Listed records:

-*-*-

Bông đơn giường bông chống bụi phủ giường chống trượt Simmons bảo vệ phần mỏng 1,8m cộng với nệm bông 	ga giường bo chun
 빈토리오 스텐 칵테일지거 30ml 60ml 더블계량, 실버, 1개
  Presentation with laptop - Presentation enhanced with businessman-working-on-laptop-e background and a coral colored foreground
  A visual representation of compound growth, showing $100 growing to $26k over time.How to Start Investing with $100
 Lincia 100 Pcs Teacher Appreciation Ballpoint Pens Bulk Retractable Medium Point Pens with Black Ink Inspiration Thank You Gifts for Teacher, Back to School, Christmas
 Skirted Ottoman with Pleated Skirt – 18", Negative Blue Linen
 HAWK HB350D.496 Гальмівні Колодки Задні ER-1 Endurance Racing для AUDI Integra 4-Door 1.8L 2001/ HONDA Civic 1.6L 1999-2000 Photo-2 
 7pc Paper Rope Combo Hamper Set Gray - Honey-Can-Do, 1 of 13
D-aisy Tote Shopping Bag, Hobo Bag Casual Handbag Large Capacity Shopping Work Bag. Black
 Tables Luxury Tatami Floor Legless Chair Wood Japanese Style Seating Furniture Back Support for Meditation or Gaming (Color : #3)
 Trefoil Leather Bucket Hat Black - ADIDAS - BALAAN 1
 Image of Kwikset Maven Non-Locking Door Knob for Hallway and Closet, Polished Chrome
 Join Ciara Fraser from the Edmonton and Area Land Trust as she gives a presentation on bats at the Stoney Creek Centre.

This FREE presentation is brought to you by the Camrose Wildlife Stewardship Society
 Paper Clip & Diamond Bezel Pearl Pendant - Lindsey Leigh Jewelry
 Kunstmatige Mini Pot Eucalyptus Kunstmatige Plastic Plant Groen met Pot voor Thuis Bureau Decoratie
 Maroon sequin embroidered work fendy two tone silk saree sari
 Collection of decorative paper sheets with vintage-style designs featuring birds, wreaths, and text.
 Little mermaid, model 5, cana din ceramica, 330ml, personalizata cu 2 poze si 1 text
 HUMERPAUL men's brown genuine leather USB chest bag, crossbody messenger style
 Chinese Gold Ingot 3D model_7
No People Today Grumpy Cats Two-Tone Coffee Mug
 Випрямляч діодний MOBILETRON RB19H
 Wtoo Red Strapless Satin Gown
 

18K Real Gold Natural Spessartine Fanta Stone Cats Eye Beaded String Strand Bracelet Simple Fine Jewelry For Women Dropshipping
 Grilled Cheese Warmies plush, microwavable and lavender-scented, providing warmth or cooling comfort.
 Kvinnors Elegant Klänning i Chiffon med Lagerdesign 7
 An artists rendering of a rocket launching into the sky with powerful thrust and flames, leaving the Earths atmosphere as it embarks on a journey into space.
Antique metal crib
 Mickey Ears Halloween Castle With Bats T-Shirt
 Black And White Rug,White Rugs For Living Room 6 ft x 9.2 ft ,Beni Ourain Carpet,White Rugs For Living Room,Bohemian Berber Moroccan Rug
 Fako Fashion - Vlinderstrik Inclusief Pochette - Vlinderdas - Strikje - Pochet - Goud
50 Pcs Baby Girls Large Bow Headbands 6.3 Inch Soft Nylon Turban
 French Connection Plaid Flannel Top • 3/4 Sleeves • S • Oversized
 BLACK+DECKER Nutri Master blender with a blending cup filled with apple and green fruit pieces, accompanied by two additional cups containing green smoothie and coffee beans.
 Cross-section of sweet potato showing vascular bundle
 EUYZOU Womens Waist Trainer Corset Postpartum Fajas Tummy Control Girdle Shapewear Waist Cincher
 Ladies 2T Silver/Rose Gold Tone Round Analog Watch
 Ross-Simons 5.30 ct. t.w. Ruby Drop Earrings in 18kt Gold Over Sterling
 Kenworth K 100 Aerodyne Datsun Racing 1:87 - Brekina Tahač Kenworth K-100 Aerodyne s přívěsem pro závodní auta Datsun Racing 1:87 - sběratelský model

-*-*-

Exercise objective:
For every entry above, write out an exact copy.

Result of the task:
Bông đơn giường bông chống bụi phủ giường chống trượt Simmons bảo vệ phần mỏng 1,8m cộng với nệm bông 	ga giường bo chun
 빈토리오 스텐 칵테일지거 30ml 60ml 더블계량, 실버, 1개
  Presentation with laptop - Presentation enhanced with businessman-working-on-laptop-e background and a coral colored foreground
  A visual representation of compound growth, showing $100 growing to $26k over time.How to Start Investing with $100
 Lincia 100 Pcs Teacher Appreciation Ballpoint Pens Bulk Retractable Medium Point Pens with Black Ink Inspiration Thank You Gifts for Teacher, Back to School, Christmas
 Skirted Ottoman with Pleated Skirt – 18", Negative Blue Linen
 HAWK HB350D.496 Гальмівні Колодки Задні ER-1 Endurance Racing для AUDI Integra 4-Door 1.8L 2001/ HONDA Civic 1.6L 1999-2000 Photo-2 
 7pc Paper Rope Combo Hamper Set Gray - Honey-Can-Do, 1 of 13
D-aisy Tote Shopping Bag, Hobo Bag Casual Handbag Large Capacity Shopping Work Bag. Black
 Tables Luxury Tatami Floor Legless Chair Wood Japanese Style Seating Furniture Back Support for Meditation or Gaming (Color : #3)
 Trefoil Leather Bucket Hat Black - ADIDAS - BALAAN 1
 Image of Kwikset Maven Non-Locking Door Knob for Hallway and Closet, Polished Chrome
 Join Ciara Fraser from the Edmonton and Area Land Trust as she gives a presentation on bats at the Stoney Creek Centre.

This FREE presentation is brought to you by the Camrose Wildlife Stewardship Society
 Paper Clip & Diamond Bezel Pearl Pendant - Lindsey Leigh Jewelry
 Kunstmatige Mini Pot Eucalyptus Kunstmatige Plastic Plant Groen met Pot voor Thuis Bureau Decoratie
 Maroon sequin embroidered work fendy two tone silk saree sari
 Collection of decorative paper sheets with vintage-style designs featuring birds, wreaths, and text.
 Little mermaid, model 5, cana din ceramica, 330ml, personalizata cu 2 poze si 1 text
 HUMERPAUL men's brown genuine leather USB chest bag, crossbody messenger style
 Chinese Gold Ingot 3D model_7
No People Today Grumpy Cats Two-Tone Coffee Mug
 Випрямляч діодний MOBILETRON RB19H
 Wtoo Red Strapless Satin Gown
 

18K Real Gold Natural Spessartine Fanta Stone Cats Eye Beaded String Strand Bracelet Simple Fine Jewelry For Women Dropshipping
 Grilled Cheese Warmies plush, microwavable and lavender-scented, providing warmth or cooling comfort.
 Kvinnors Elegant Klänning i Chiffon med Lagerdesign 7
 An artists rendering of a rocket launching into the sky with powerful thrust and flames, leaving the Earths atmosphere as it embarks on a journey into space.
Antique metal crib
 Mickey Ears Halloween Castle With Bats T-Shirt
 Black And White Rug,White Rugs For Living Room 6 ft x 9.2 ft ,Beni Ourain Carpet,White Rugs For Living Room,Bohemian Berber Moroccan Rug
 Fako Fashion - Vlinderstrik Inclusief Pochette - Vlinderdas - Strikje - Pochet - Goud
50 Pcs Baby Girls Large Bow Headbands 6.3 Inch Soft Nylon Turban
 French Connection Plaid Flannel Top • 3/4 Sleeves • S • Oversized
 BLACK+DECKER Nutri Master blender with a blending cup filled with apple and green fruit pieces, accompanied by two additional cups containing green smoothie and coffee beans.
 Cross-section of sweet potato showing vascular bundle
 EUYZOU Womens Waist Trainer Corset Postpartum Fajas Tummy Control Girdle Shapewear Waist Cincher
 Ladies 2T Silver/Rose Gold Tone Round Analog Watch
 Ross-Simons 5.30 ct. t.w. Ruby Drop Earrings in 18kt Gold Over Sterling
 Kenworth K 100 Aerodyne Datsun Racing 1:87 - Brekina Tahač Kenworth K-100 Aerodyne s přívěsem pro závodní auta Datsun Racing 1:87 - sběratelský model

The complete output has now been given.